- Task details -
Copy out exactly the lines spanning the line with "4QT GALVANIZED FEED SCOOP" to the line with "Špirálový zips skrytý", inclusive, from the data underneath, with no pictures.

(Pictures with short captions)
>>>>

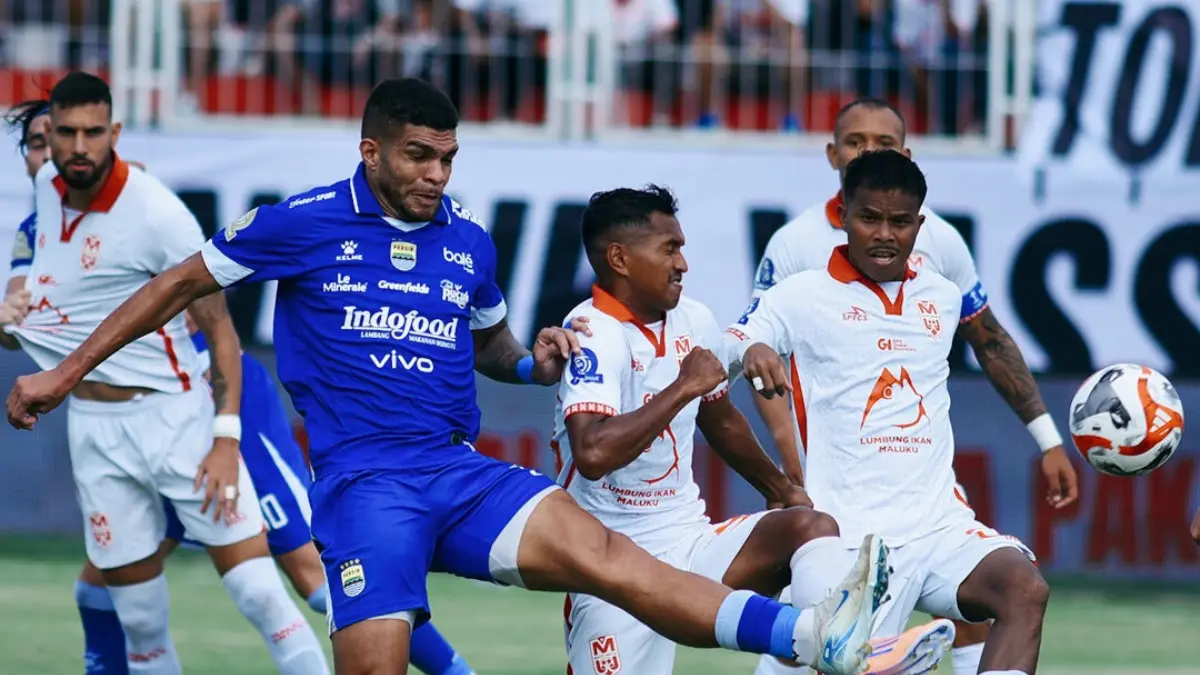 Malut United Sukses Hentikan Tren Positif Persib Bandung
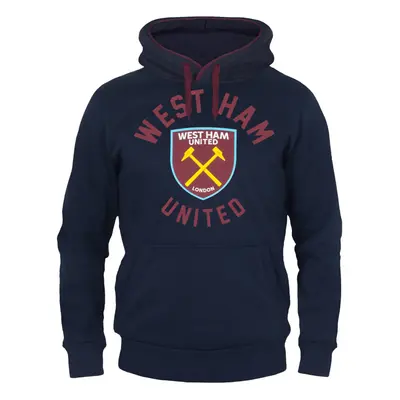 (3XL) West Ham United FC Official Football Gift Mens Fleece Graphic Hoody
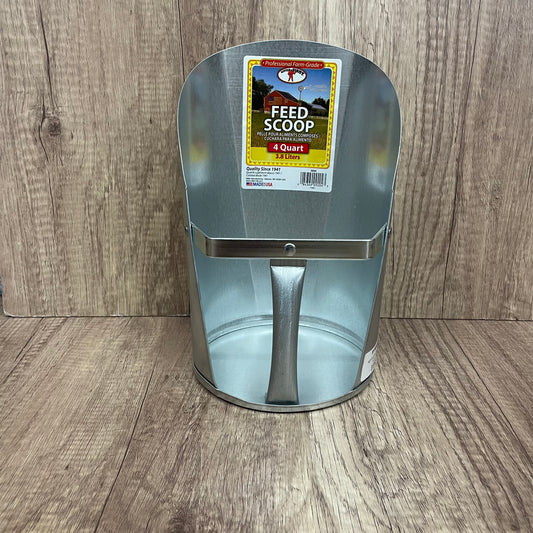4QT GALVANIZED FEED SCOOP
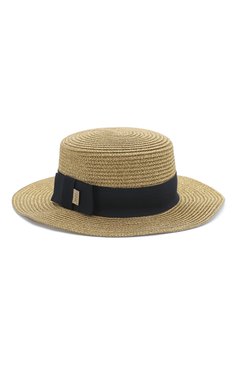 Детская шляпа MARC JACOBS (THE) золотого цвета, арт. W11047 | Фото 2 (Региональные ограничения белый список (Axapta Mercury): Не проставлено; Нос: Не проставлено)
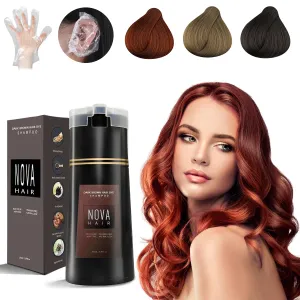 Dye Shampoo,Nova Hair Instant Dye Shampoo,Nova Hair Dye Shampoo 3 in 1, for Men & Women (Dark Brown(200ml))
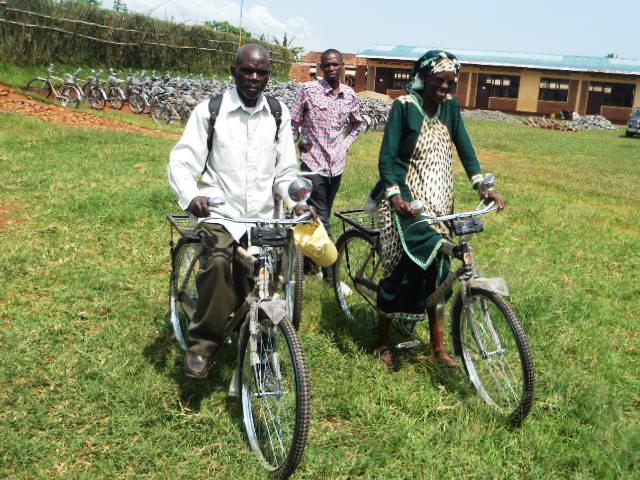 Abahawe amagare batangiye kwimenyereza kuyanyonga
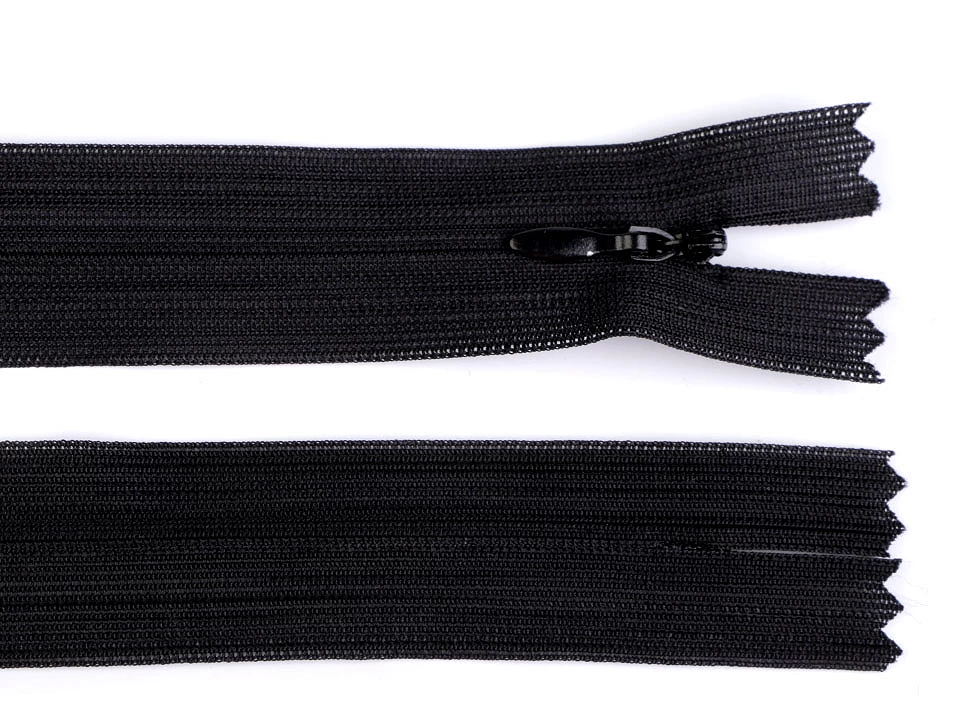 Špirálový zips skrytý šírka 3 mm dĺžka 40 cm dederon -1ks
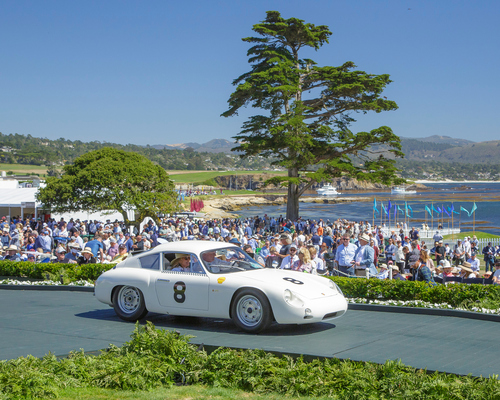 Porsche 356B 1600GS Carrera GTL Abarth Coupe (1960) - 3. Rang in der Klasse O-1 beim Pebble Beach Concours d'Elegance 2024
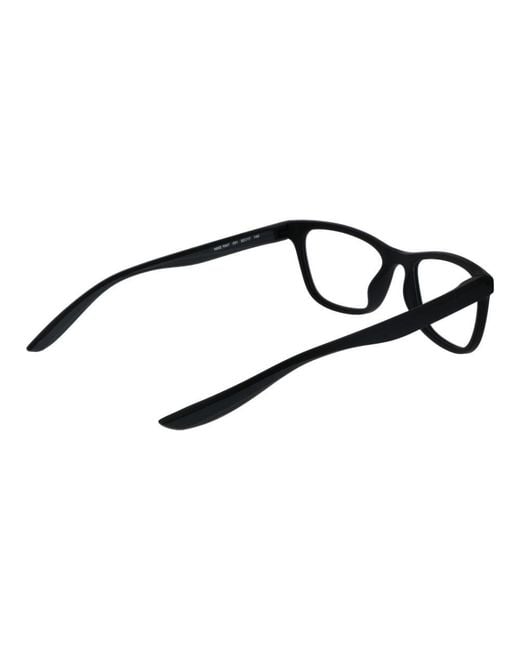 Nike Black Stainless Steel Glasses (frames)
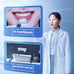 2 in 1 Automatic toothbrush sanitizer, holder, Automatic toothpaste dispenser ,w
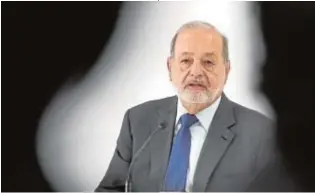  ?? // EFE ?? El magnate mexicano, Carlos Slim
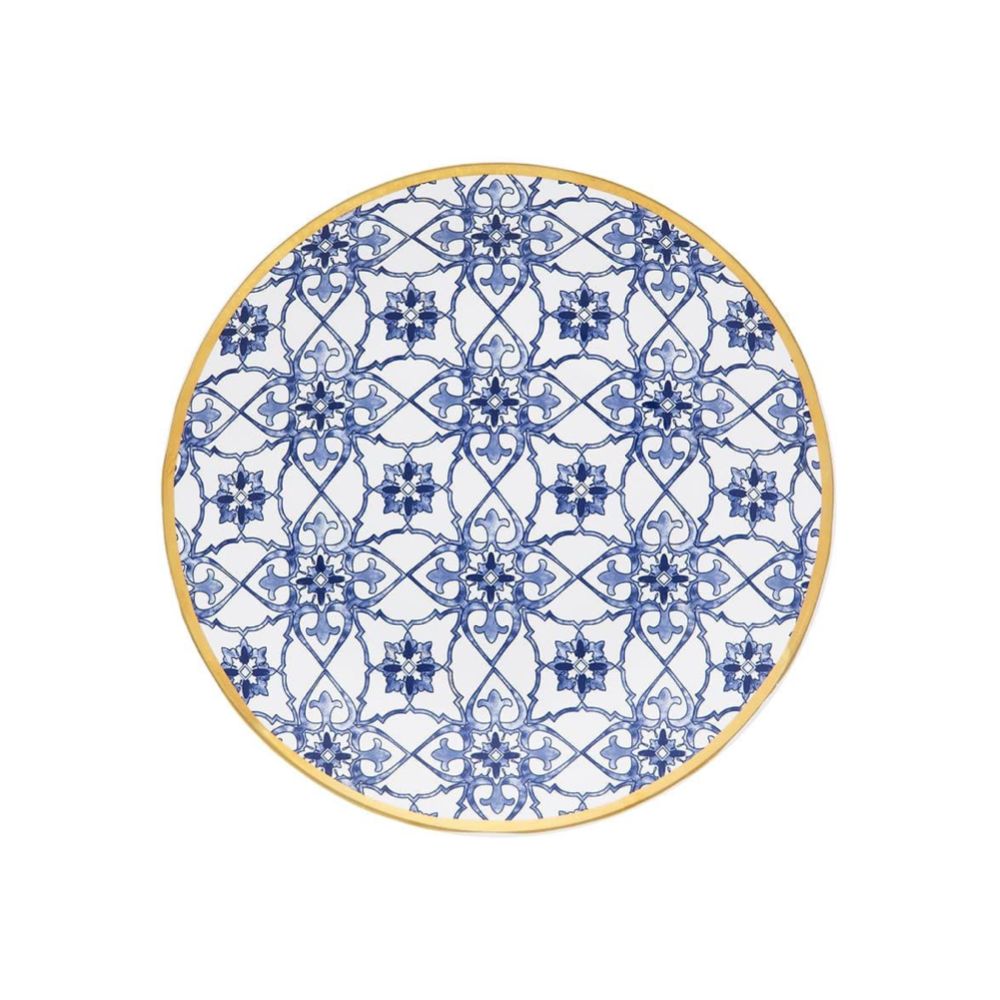 PRATO FUNDO LUSITANA DE PORCELANA COM 6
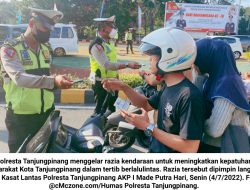 Puluhan Kendaraan Terjaring Razia, AKP Made Putra: Kesadaran Masyarakat Tertib Berlalu lintas Masih Kurang…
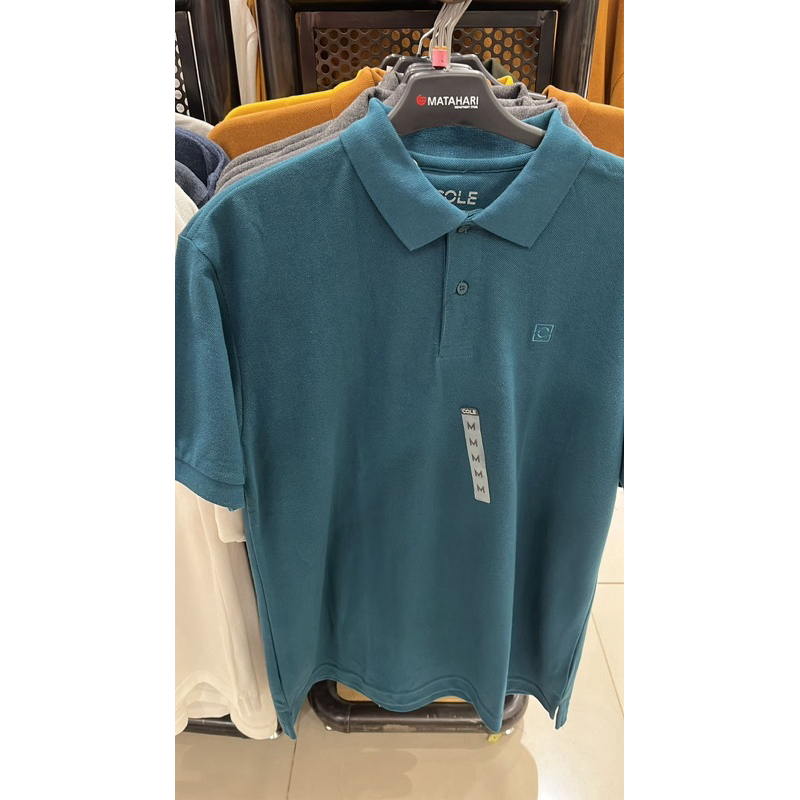 COLE Kaos Polo Pria Warna Basic Polos Tebal Simple S-XXL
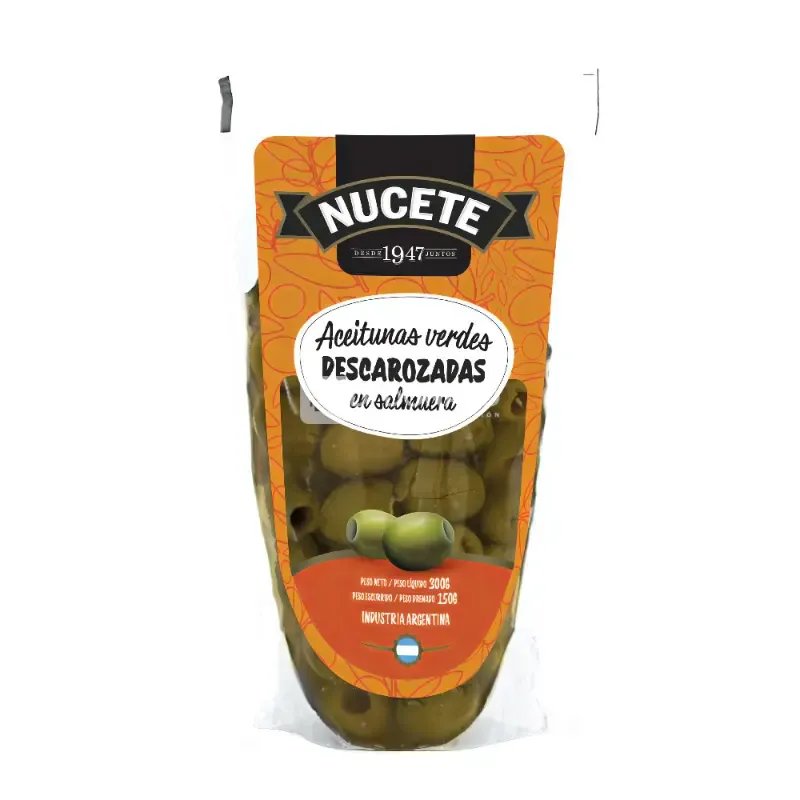 Aceituna Verde Descarozada NUCETE Doypack 8 x 150 gr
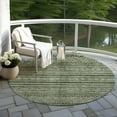 thumbnail image 6 of Addison Rugs Chantille Indoor/Outdoor Transitional Stripes Olive Washable Round Rug, 8' x 8', 6 of 6
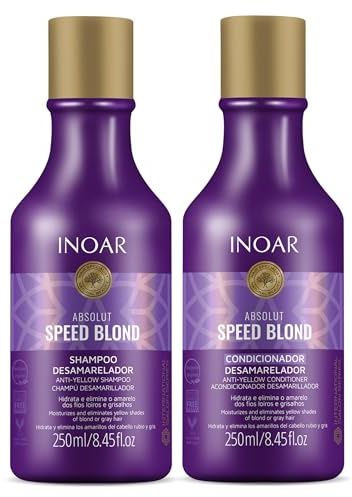 Inoar Absolut Speed Blonde Haarpflege-Set, 2 x 250 ml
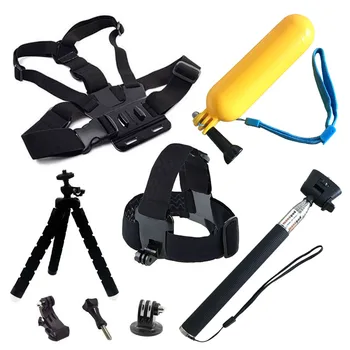 

Accessories For GoPro Hero 7 Mount Tripood Set Selfie Stick For Go Pro 6 5 4 3 Session SJCAM SJ4000 ENEK H9 Action Camera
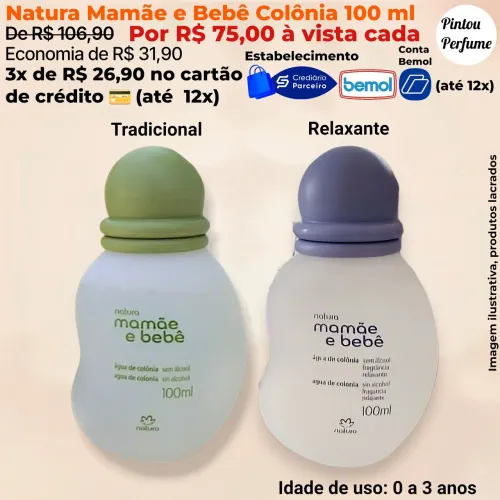 Mamãe e Bebê Natura Produtos em Promoção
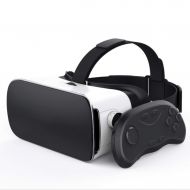 ZYY VR Headset with Remote Controller, Virtual Reality Headset 3D VR Goggles Glasses for 3D Movies and Games Compatible with 4.7-6.0 Inches iPhone, Samsung Huawei More Smartphones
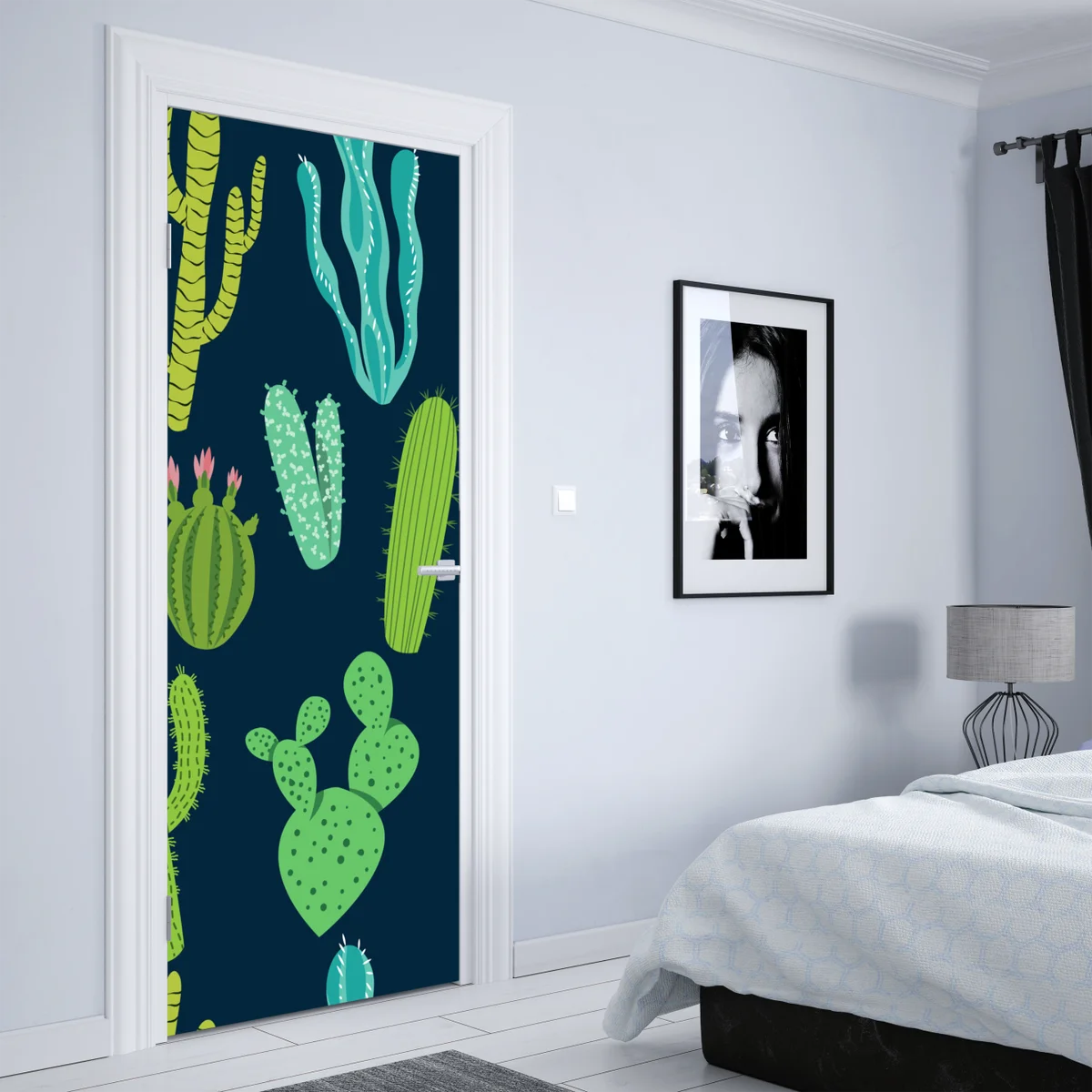 Türaufkleber kaktus- und sukkulentenmuster Türaufkleber kaktus- und sukkulentenmuster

<<<<

- The completed task -
4QT GALVANIZED FEED SCOOP
 Детская шляпа MARC JACOBS (THE) золотого цвета, арт. W11047 | Фото 2 (Региональные ограничения белый список (Axapta Mercury): Не проставлено; Нос: Не проставлено)
 Dye Shampoo,Nova Hair Instant Dye Shampoo,Nova Hair Dye Shampoo 3 in 1, for Men & Women (Dark Brown(200ml))
 Abahawe amagare batangiye kwimenyereza kuyanyonga
 Špirálový zips skrytý šírka 3 mm dĺžka 40 cm dederon -1ks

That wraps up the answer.